**Required action**
Pull every line containing the word "Foto" out of the material below.

-*-

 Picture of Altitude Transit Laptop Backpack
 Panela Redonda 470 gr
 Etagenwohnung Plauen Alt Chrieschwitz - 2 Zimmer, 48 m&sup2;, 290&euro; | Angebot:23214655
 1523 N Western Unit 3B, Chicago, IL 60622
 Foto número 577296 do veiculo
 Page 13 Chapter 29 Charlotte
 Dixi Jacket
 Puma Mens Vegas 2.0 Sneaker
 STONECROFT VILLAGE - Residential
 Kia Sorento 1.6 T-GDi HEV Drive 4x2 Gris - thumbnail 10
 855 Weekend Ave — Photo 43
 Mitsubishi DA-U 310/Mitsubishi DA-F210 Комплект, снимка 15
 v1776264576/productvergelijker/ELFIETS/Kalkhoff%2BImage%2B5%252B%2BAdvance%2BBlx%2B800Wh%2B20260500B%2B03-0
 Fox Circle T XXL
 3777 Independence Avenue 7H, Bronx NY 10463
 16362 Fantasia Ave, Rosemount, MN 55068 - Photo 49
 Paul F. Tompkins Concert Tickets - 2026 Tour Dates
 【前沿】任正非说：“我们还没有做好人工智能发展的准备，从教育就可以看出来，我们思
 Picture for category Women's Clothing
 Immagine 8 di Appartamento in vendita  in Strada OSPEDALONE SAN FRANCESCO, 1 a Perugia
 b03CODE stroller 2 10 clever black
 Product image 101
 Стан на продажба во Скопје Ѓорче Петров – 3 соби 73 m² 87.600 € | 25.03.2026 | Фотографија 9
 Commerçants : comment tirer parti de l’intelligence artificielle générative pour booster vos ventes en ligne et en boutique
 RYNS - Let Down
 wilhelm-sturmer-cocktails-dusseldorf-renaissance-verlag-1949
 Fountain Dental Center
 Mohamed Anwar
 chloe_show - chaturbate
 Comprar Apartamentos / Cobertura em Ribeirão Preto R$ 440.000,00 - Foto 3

-*-

**Response to the exercise**
 Foto número 577296 do veiculo
 Comprar Apartamentos / Cobertura em Ribeirão Preto R$ 440.000,00 - Foto 3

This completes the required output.